Andy approached, glass in hand. “You know, pulling off Sam is harder than it looks,” he said. “You got closer than I expected anyone could. You were nearly perfect.”
Dawn’s eyes flicked up, caught between pride and embarrassment. “Nearly,” she said, then grinned and shrugged with both hands. “It was going okay for a while, then I started worrying you’d find me out and I just… slipped.”
Andy sipped his drink, amused. “What helped when it was working?”
She thought about this, chewing her lip, then said, “I stopped trying to copy the way she stands, or the way she jokes. I just asked myself, if you’re Sam, how do you decide to take up space?” Dawn blushed a little deeper. “And then I realized she doesn’t decide. She just... stops un-deciding.”
Andy’s expression shifted—tiny, but real, the kind of micro-glance that made her ears tilt forward in hope. “Did I get it?” she asked.
“You absolutely did,” Andy said. “What made you think about it that way?”
“I’ve been watching her since day one,” Dawn confessed. “Not in a creepy way! Just... she never apologizes for existing. I wanted to know what that feels like.”
Andy nodded, slow. “Best description of Sam I’ve heard in ten years,” he said. “I’ll be thinking about it for a while.”
Dawn glowed, the sort of delight you could only get by saying the perfect thing by accident. “Thank you,” she said, voice soft.
He refilled her glass from the pitcher, careful not to spill, and Dawn straightened, her ears going even higher as if taking in a compliment was a physical act. “You should tell her,” Andy said. “I think she’d like to hear it.”
“Really?

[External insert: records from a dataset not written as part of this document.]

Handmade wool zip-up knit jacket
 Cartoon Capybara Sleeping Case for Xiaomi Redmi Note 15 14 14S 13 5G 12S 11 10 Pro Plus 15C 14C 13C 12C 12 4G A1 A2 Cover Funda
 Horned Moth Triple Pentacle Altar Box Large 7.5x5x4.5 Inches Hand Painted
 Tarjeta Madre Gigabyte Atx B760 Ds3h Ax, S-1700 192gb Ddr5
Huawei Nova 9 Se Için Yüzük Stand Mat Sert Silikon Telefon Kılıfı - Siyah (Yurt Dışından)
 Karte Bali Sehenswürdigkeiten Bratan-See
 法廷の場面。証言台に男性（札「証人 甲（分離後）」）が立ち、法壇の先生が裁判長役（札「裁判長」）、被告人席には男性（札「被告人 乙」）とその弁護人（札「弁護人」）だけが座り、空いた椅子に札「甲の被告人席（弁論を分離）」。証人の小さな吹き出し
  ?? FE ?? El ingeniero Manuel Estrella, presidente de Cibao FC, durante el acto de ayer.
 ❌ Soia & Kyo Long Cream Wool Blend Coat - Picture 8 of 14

You don’t think she’d find it weird?”
“Sam appreciates honesty more than anything,” Andy said. “Especially when it’s insightful.”
Dawn grinned, bashful but pleased, and watched as Andy moved on, her gaze following him through the crowd with a brand-new ease.
Shortly after Andy left, Emily drifted into Dawn’s orbit like a particularly shy moon, her pink-highlighted hair tied up in a messy ponytail and her bare shoulders hunched just enough to betray her discomfort in the borrowed gown. She held a glass with both hands, as if bracing herself for some kind of impact.
She cleared her throat, just enough to be heard above the music. “How’s it feel to be a zero-scorer?” she said, eyes bright with nervous humor.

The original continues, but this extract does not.